Boy, Jesus was always coming down on the Pharisees. What a bummer to be one of those guys huh? In the latest installment of “I’m following God with my whole head rather than use even a little of my heart”, the Pharisees had taken tithing (giving 10% to God) to a whole new level. They were measuring out one tenth of their spices and offering it to the church. What dedication. What servants hearts they must have possessed to want to give a percentage of even the tiniest things they grew. Um, or not. Rather than showing the love of God, they were taking the letter of the law and applying it to the minutia of their lives.
The Lord was laying down some smack talk on these uppity dudes about the matters of the heart that they were completely ignoring. Maybe they were too busy counting mint leaves to be sure every tenth one was set aside for God. Perhaps they’d spent all their time harvesting cummin seeds to donate. Whatever the reason, their leaves or their seeds, they didn’t take time to do merciful deeds. Yes, I know, that sounded very Dr. Seuss-ish. Give me a break, I read to a three-year old many hours a day.
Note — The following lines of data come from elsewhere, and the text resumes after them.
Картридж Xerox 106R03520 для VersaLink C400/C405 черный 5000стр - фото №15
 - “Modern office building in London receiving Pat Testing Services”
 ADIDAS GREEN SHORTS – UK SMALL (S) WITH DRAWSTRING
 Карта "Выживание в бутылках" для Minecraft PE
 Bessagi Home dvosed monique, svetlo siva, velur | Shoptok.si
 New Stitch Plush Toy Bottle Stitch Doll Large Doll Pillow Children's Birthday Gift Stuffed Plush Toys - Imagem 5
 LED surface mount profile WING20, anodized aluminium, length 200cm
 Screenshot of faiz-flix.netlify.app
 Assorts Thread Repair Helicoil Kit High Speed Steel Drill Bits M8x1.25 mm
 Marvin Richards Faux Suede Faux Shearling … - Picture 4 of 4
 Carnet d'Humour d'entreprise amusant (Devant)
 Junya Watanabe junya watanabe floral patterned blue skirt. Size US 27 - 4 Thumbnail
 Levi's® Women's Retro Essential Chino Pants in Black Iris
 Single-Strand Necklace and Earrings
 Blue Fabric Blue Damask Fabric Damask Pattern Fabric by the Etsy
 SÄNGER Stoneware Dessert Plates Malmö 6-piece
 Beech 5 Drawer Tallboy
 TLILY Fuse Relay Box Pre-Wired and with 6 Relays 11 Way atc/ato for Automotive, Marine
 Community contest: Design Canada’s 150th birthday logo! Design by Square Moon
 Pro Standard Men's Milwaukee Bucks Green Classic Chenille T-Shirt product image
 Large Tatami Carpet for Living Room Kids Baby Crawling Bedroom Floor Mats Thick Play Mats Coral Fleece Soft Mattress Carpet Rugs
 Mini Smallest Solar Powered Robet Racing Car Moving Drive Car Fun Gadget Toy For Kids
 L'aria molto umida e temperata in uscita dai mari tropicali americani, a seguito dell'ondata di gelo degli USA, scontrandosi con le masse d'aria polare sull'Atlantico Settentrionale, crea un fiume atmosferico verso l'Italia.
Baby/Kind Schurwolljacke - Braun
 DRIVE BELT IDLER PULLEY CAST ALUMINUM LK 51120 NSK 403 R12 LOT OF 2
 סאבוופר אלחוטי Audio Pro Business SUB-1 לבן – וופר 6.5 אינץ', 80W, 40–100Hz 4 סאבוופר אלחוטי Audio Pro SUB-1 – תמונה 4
Seriously though. I’m so often with the Pharisees on this one. I’m a rule follower. Black and white. It is, or it isn’t. You give me a base line to follow and I’m right there tracking with you. I’m very (very) technical. Showing mercy however, is like signing up for an all day lecture on watching paint dry. Not really my cup of tea. Too bad for me, God thinks mercy is pretty darn important. Actually, when God’s being merciful with ME, I think it’s a pretty awesome thing too. But giving it to others is where I’m not so fond of it. Come to think of it, I might rather count out mint and dill leaves than purposefully develop my mercy muscles. It’s painful. It’s hard. I don’t like it.
I know it’s of value to God though. Ultimately, a life of grace and mercy for others is demonstrating Christ’s love. The tricky part is remembering that Jesus died for them too – not just me. Which is especially hard to keep in mind when you just want others to get what’s coming to them. How easy to forget that what’s coming to them, is the same thing you and I deserve. Death.
Yesterday, I took great pleasure in someone else’s misery. I felt joy in their pain. I have felt a tremendous sense of injustice regarding this person. Like they got off scott free after destroying lives. It isn’t fair. I don’t think it’s right. I struggle with the inequity of it often. As I was delighting myself with thoughts of this person’s hardship, I realized, “God loves her”. I tried to push the thought from my mind, but I keep coming back to it. Jesus died for HER. I don’t like it, it’s not easy for me, but I need to remember that as much as Christ loved me, He feels the same for her. And that, were it not for that saving, merciful love – I would be in the same boat as she is. The one sailing away from the love of God, right into the fires of Hell.
I can’t make myself feel better about wishing bad things on those Christ loves. No tithe of cummin is going to negate my lack of mercy and grace. My only option is to continue bringing this failure to the Lord. Continue seeking His mercy to fill my life so that I can pour it out towards others. It’s a daily choice. I doubt it will ever be easy for me to choose, but I know it’s what will lead me into a life full of peace and joy, rather than counting cummin seeds for my tithe.